Saturday, December 9, 2023

What has happened to our social structures?

We must begin to ask ourselves what happened to institutions that previously dealt with matters relating to the social needs of disadvantaged Batswana?

Have these institutions failed to deliver on their mandate to the point where the Head of State must assume their roles? Or they have collapsed, or they are just being undermined by a reluctant politician who now wants to play God?

The populist stunt that is being pulled by the Head of State through donations to the needy using state resources cannot escape interrogation.

We are tempted to interrogate what motives are behind President Ian Khama’s seemingly insatiable appetite to personally donate as the Head of State while it is the business of the government he leads to create social safety nets to cater for the poor and, at the same time, creating wealth for the country.

There could be reasons that the government has come to the realization that the social grants given to the senior citizens may be a far cry from meeting their basic needs for example. If that is the case, that should get the President to spring into action together with his cabinet and find long-term solutions.

The short term solution of donating to the poor at this alarming rate coming from a Head of State can only mean existing government intervention mechanisms put in place to alleviate poverty aren’t working.

Where are we headed? Who funds this political gimmick? Yes a political gimmick since the apparatus of the State are used, showing images of the President donating to the poor week in and week out.

There is no big deal in the President occasionally donating to the disadvantaged as this is in line with one of the pillars of our Vision 2016 of being a compassionate and caring nation.

But then, again, Batswana have always donated in the past before this new administration.
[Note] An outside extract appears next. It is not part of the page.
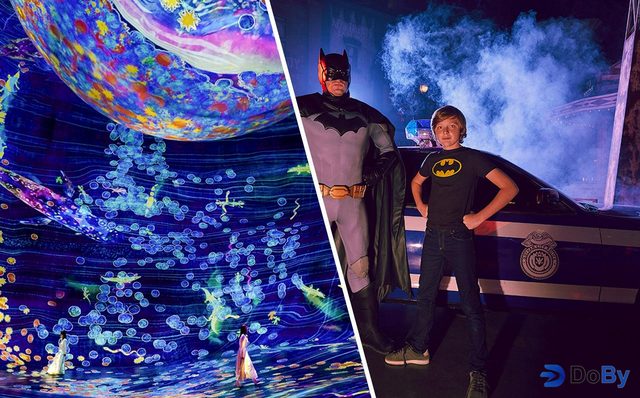 Combo: teamLab Phenomena Abu Dhabi + Warner Bros. World™ Abu Dhabi Entradas con Servicio de Transporte Gratuito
It gets all the more worrying when the President knowingly or unknowingly creates a perception that he is the only person in this country who is more compassionate and caring to the poor than others. Consistently using State resources (the government media, Btv and Daily News) gives the President an unfair political advantage. Whatever kudus accrue to him personally also give him an unfair political mileage.

There is an observation doing the rounds that the Head of State is fast turning himself into the country’s number one Social Worker. Who can blame such an observation? It would appear the President wants to turn this country into a nanny state. Infringing upon the civil liberties of citizens who indulge in alcohol by hiking taxes to fund social programmes for personal gain is nothing short of political chicanery. This is exactly what this government is doing.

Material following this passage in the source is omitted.